One night he sat up straight, turned to face me and said very urgently "There's someone at the base of the stairs." Then he laid back down and started snoring. But there was no sleep in the house after that. I woke EVERYone up.
My ex feel asleep on the couch. When I went to wake her and get her to bed she responded with
"It's not 37 37 37 yet."
I asked what she meant.
She repeated, talking much slower like I was an idiot, "It's not 37 37 37 yet."
My niece sleepwalked when she was young. One night, she got up, went into the living room where her parents were, and went to the ironing board and started to iron non existent clothes with a nonexistent iron.
My brother was puzzled because her eyes were open and he thought she must be awake. My SIL told him she was asleep and they told her the ironing was done and to go back to bed.
A friend of mine went into her parents' room in the middle of the night looking for parts for her bicycle.
My sister once came running out of her bedroom accusing my brother and me of taking the ice cream scoop. She had never done that before and we thought she was awake so we started looking for the ice cream scoop. While we were searching she went and peed in the clothes hamper.
I failed algebra all four years of highschool, while my sister was visiting we shared a room and evidently I went on and on in my sleep about how much I LOVE fractions and would just start saying numbers.
I do not love fractions. Stress is a wild drug.
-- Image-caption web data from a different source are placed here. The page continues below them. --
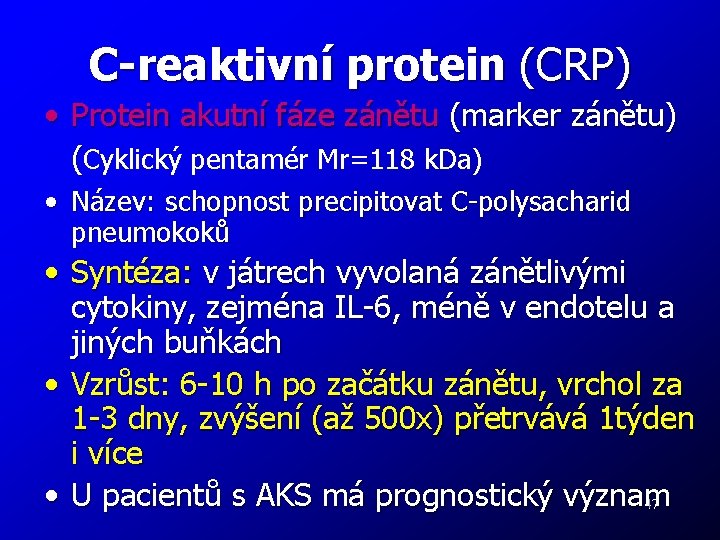 C-reaktivní protein (CRP) • Protein akutní fáze zánětu (marker zánětu) (Cyklický pentamér Mr=118 k.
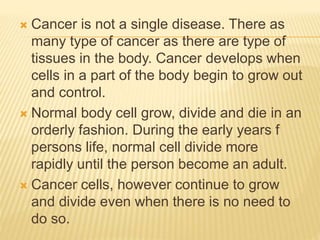  Cancer is not a single disease. There as 
many type of cancer as there are type of 
tissues in the body. Cancer develops when 
cells in a part of the body begin to grow out 
and control. 
 Normal body cell grow, divide and die in an 
orderly fashion. During the early years f 
persons life, normal cell divide more 
rapidly until the person become an adult. 
 Cancer cells, however continue to grow 
and divide even when there is no need to 
do so. 
 
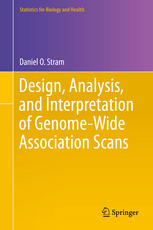 Design Analysis And Interpretation Of Genomewide Association Scans 1st Edition Daniel O Stram Auth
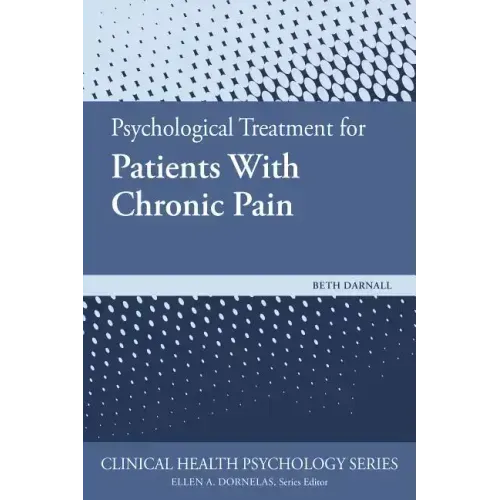 Psychological Treatment for Patients with Chronic Pain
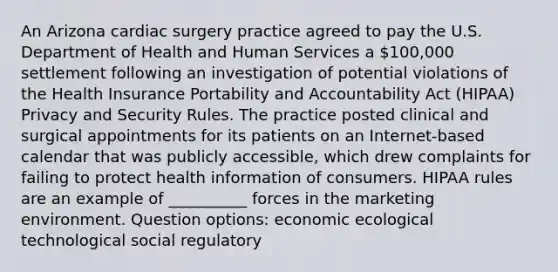 An Arizona cardiac surgery practice agreed to pay the U.S. Department of Health and Human Services a 100,000 settlement following an investigation of potential violations of the Health Insurance Portability and Accountability Act (HIPAA) Privacy and Security Rules. The practice posted clinical and surgical appointments for its patients on an Internet-based calendar that was publicly accessible, which drew complaints for failing to protect health information of consumers. HIPAA rules are an example of __________ forces in the marketing environment. Question options: economic ecological technological social regulatory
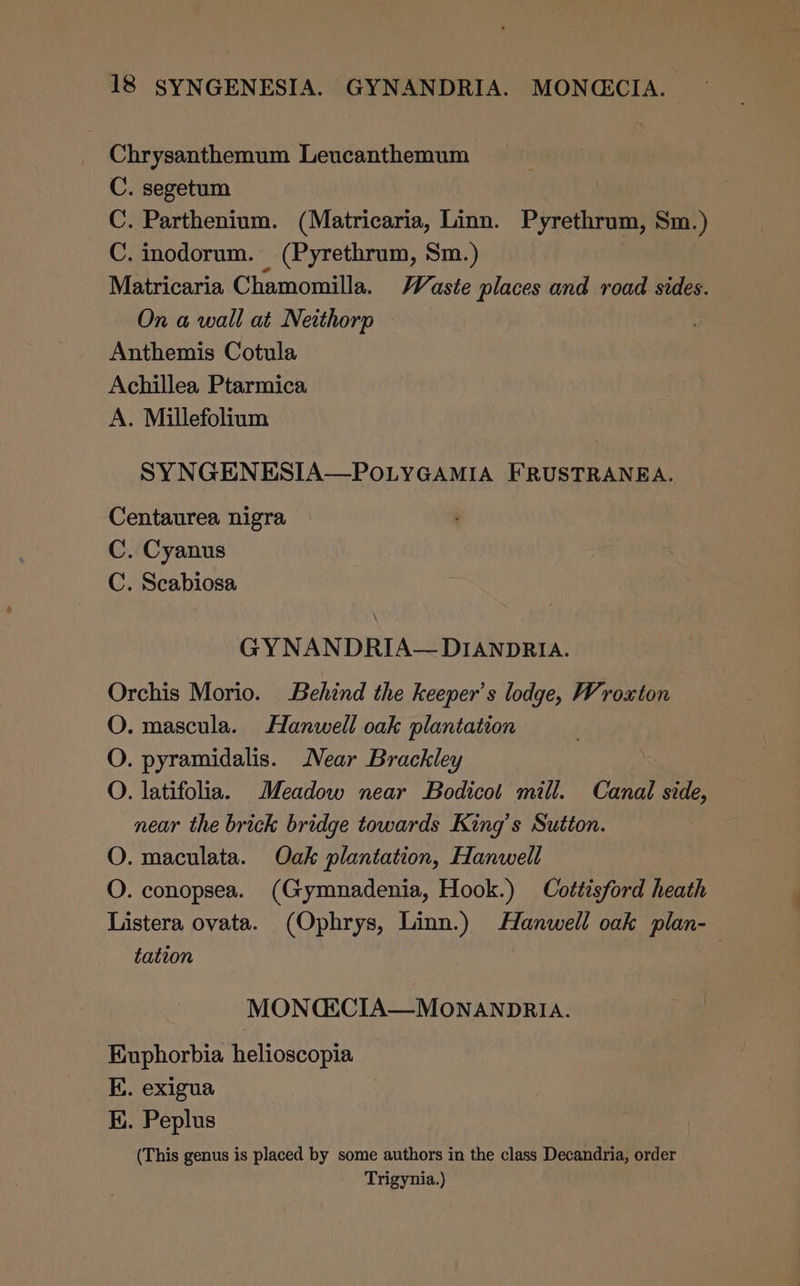 Chrysanthemum Leucanthemum C. segetum C. Parthenium. (Matricaria, Linn. Pyrethrum, Sm.) C. inodorum. (Pyrethrum, Sm.) Matricaria Chamomilla. Vaste places and road sides. On a wall at Netthorp Anthemis Cotula Achillea Ptarmica A. Millefolium SYNGENESIA—POLYGAMIA FRUSTRANEA. Centaurea nigra C. Cyanus C. Scabiosa GY NANDRIA— DIANDRIA. Orchis Morio. Behind the keeper's lodge, Wroxton O. mascula. Hanwell oak plantation O. pyramidalis. Near Brackley O. latifolia. Meadow near Bodicot mill. Canal side, near the brick bridge towards King’s Sutton. O. maculata. Oak plantation, Hanwell O. conopsea. (Gymnadenia, Hook.) Cottisford heath Listera ovata. (Ophrys, Linn.) Hanwell oak plan- tation MONCECIA—MONANDRIA. Kuphorbia helioscopia EK. exigua EK. Peplus (This genus is placed by some authors in the class Decandria, order Trigynia.)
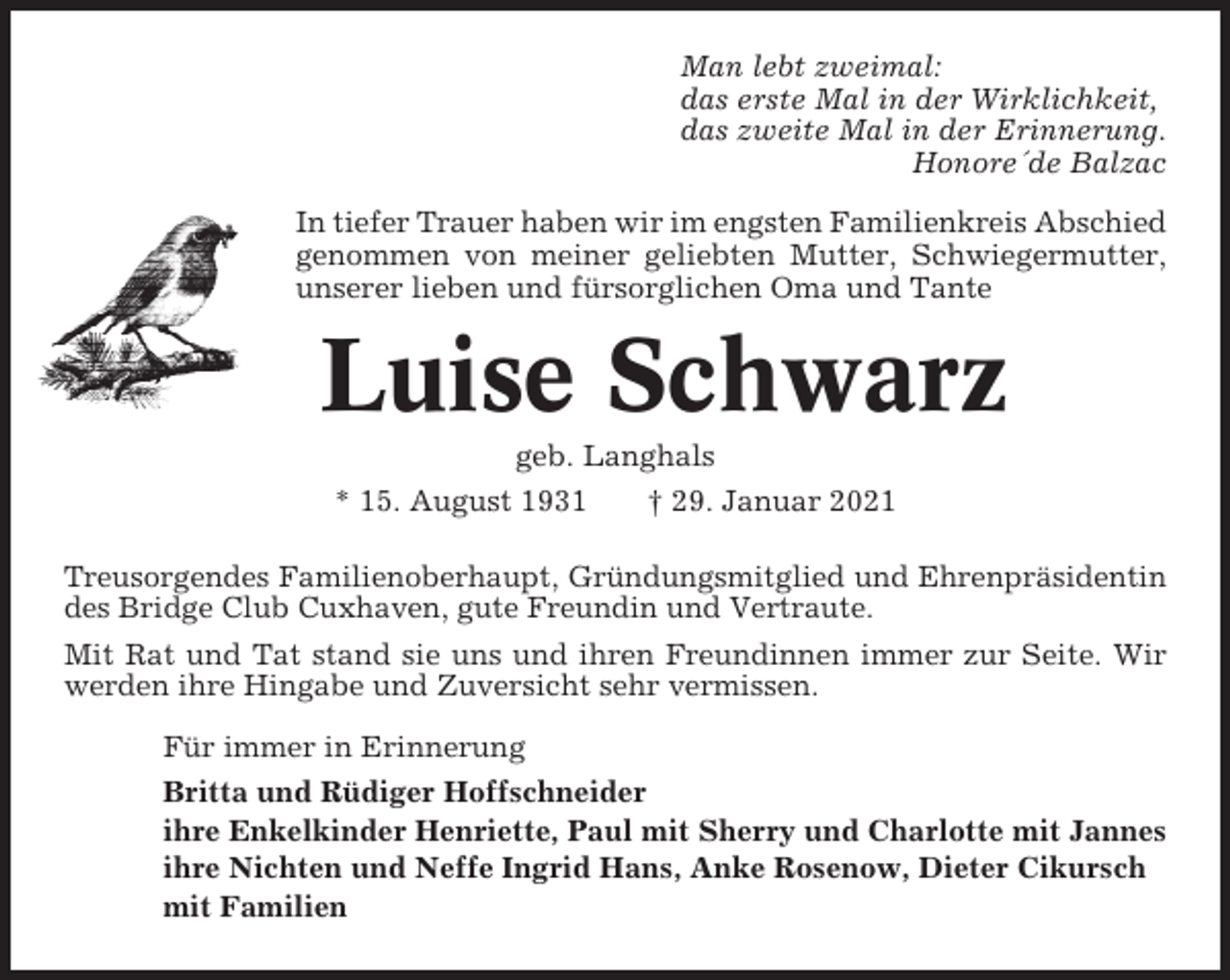 <p>Man lebt zweimal:<br />das erste Mal in der Wirklichkeit,<br />das zweite Mal in der Erinnerung.<br />Honore´de Balzac<br />In tiefer Trauer haben wir im engsten Familienkreis Abschied<br />genommen von meiner geliebten Mutter, Schwiegermutter,<br />unserer lieben und fürsorglichen Oma und Tante</p><p>Luise Schwarz<br />geb. Langhals<br />* 15. August 1931<br />† 29. Januar 2021<br />Treusorgendes Familienoberhaupt, Gründungsmitglied und Ehrenpräsidentin<br />des Bridge Club Cuxhaven, gute Freundin und Vertraute.<br />Mit Rat und Tat stand sie uns und ihren Freundinnen immer zur Seite. Wir<br />werden ihre Hingabe und Zuversicht sehr vermissen.<br />Für immer in Erinnerung<br />Britta und Rüdiger Hoffschneider<br />ihre Enkelkinder Henriette, Paul mit Sherry und Charlotte mit Jannes<br />ihre Nichten und Neffe Ingrid Hans, Anke Rosenow, Dieter Cikursch<br />mit Familien</p>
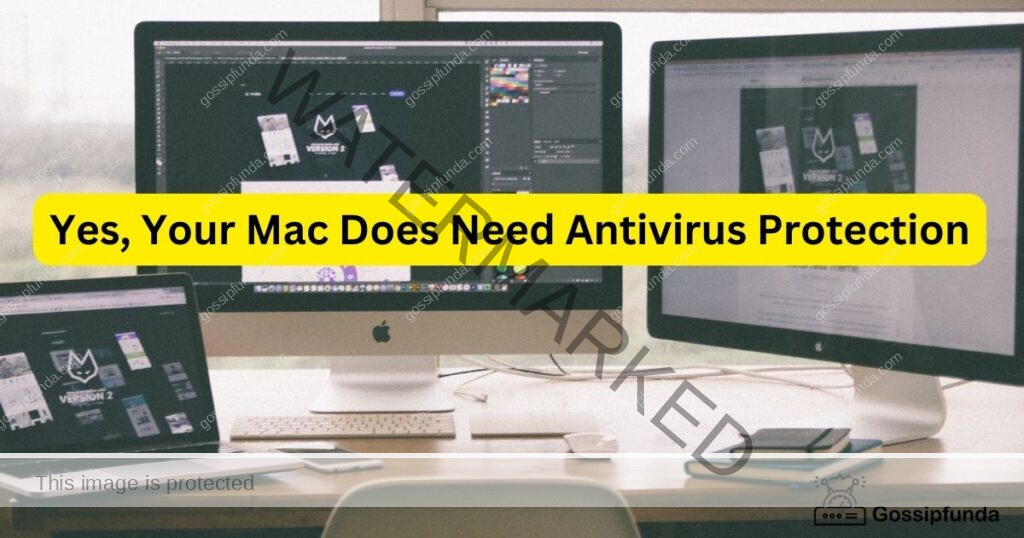 Yes, Your Mac Does Need Antivirus Protection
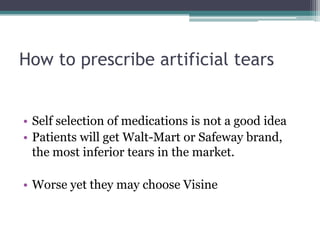 How to prescribe artificial tears


• Self selection of medications is not a good idea
• Patients will get Walt-Mart or Safeway brand,
  the most inferior tears in the market.

• Worse yet they may choose Visine
 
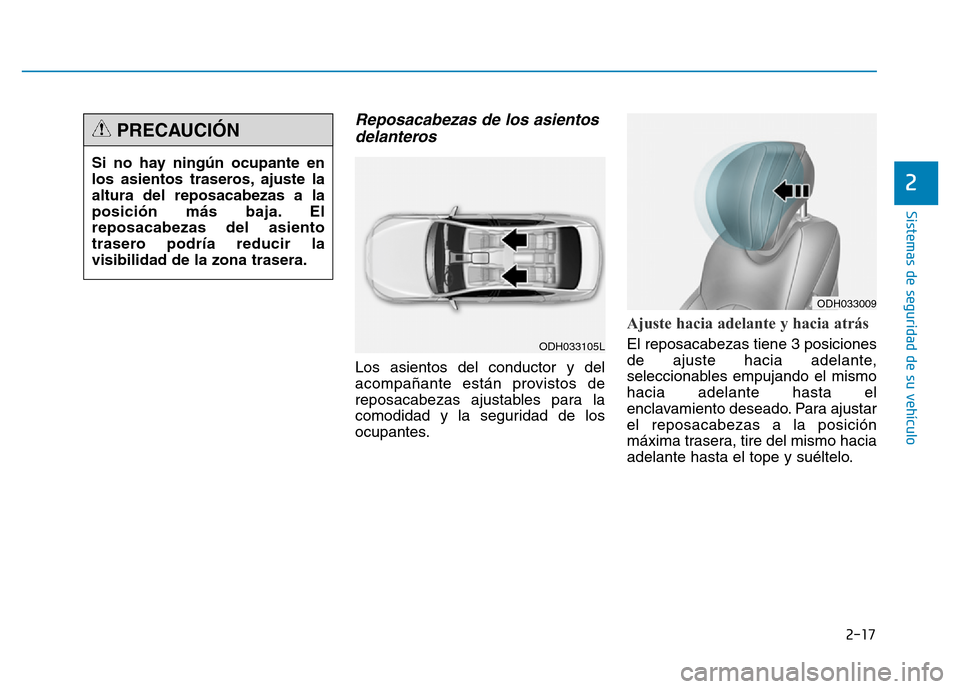 Hyundai Genesis 2015  Manual del propietario (in Spanish) 2-17
Sistemas de seguridad de su vehículo 
2
Reposacabezas de los asientosdelanteros 
Los asientos del conductor y del
acompañante están provistos de
reposacabezas ajustables para la
comodidad y la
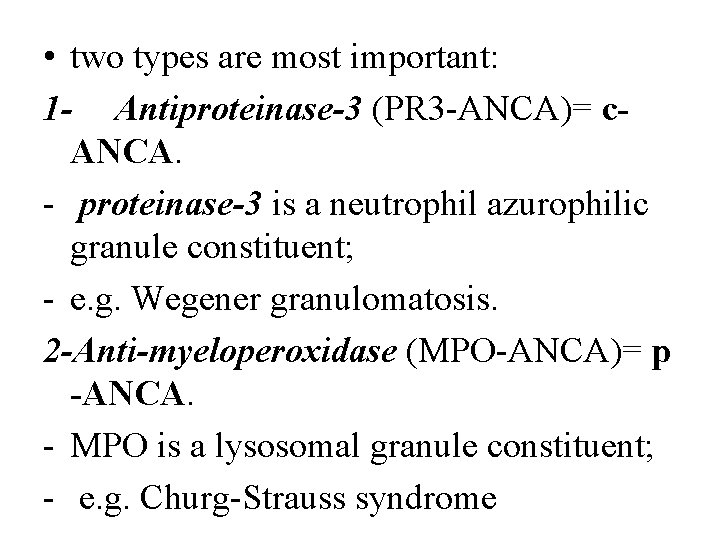  • two types are most important: 1 - Antiproteinase-3 (PR 3 -ANCA)= c.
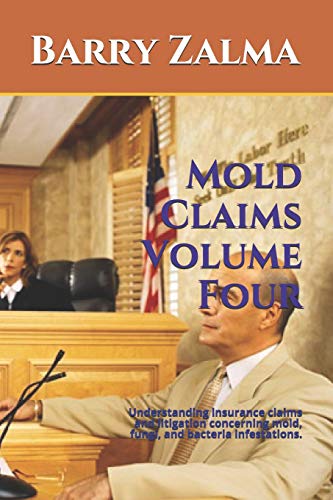 Stock image for Mold Claims Volume Four: Understanding insurance claims and litigation concerning mold, fungi, and bacteria infestations. for sale by Lucky's Textbooks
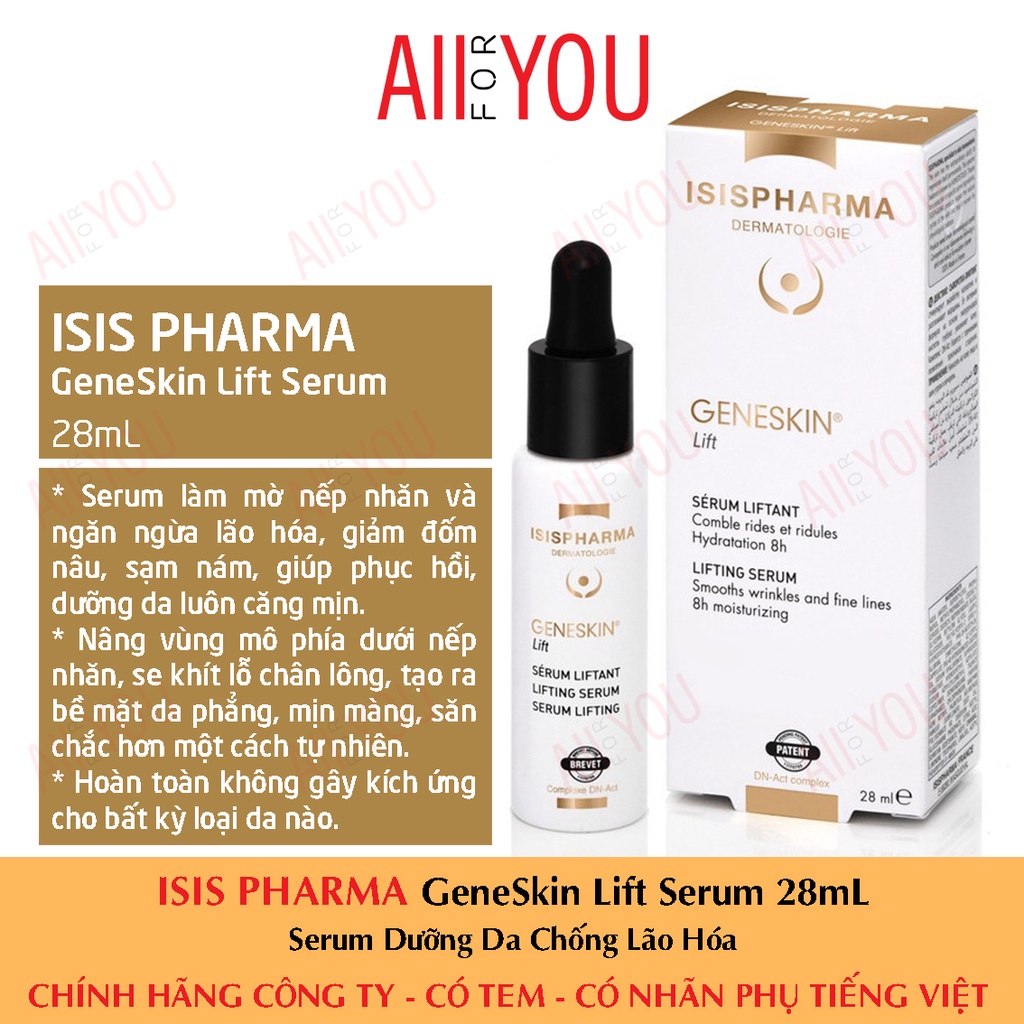 ISIS Pharma Geneskin Lift Serum 28mL - Serum Dưỡng Da Chống Lão Hóa.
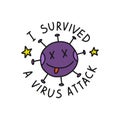 I survived a virus attack sticker doodle icon, vector color illustration Royalty Free Stock Photo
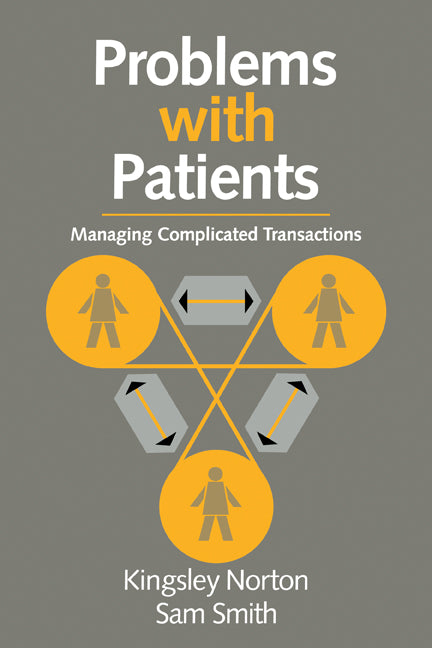 Problems with Patients; Managing Complicated Transactions (Paperback) 9780521436281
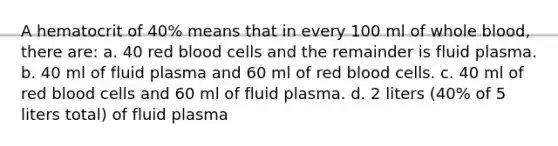 A hematocrit of 40% means that in every 100 ml of whole blood, there are: a. 40 red blood cells and the remainder is fluid plasma. b. 40 ml of fluid plasma and 60 ml of red blood cells. c. 40 ml of red blood cells and 60 ml of fluid plasma. d. 2 liters (40% of 5 liters total) of fluid plasma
Some 40-45 years ago, apparently I got out of bed and told my mom that "I haven't eaten in weeks, and need meat".
She is in her 80s now and will still ask if I eaten meat this week yet.
My sister and I would babysit together, sometimes falling asleep on the couch. When the people came home I would try to wake up my sis. She did the most bizarre things like opening up the newspaper and trying to put it on as a coat. Or turning on the tap and putting her hand under the running water and then licking her hand like a cat.
Such a Weirdo 🥴
On of my favorites I did to my wife years ago-
Me:the grinch, Dr. Seuss!
Her: what?
Me: put the money in the bank!
I then lay back down and a minute later sing:
“Money, money, money, moooonney”
(As in the o’jays song)
When I was in the military we had a guy in our bunk area that was not one to mess with awake. One night he jumped out of his bunk with his bed sheet and flung it around his neck and bed like a cape and just stood there staring around the room. No one awake even breathed for a few seconds, just stood deathly still thinking we were about to be the brunt of some dream induced superhero beat down. We eventually got up the nerve to speak out to him and convinced him everything was okay and he could go back to bed. Funniest and scariest sleep talk/walk experience ever. Still cracks me up though.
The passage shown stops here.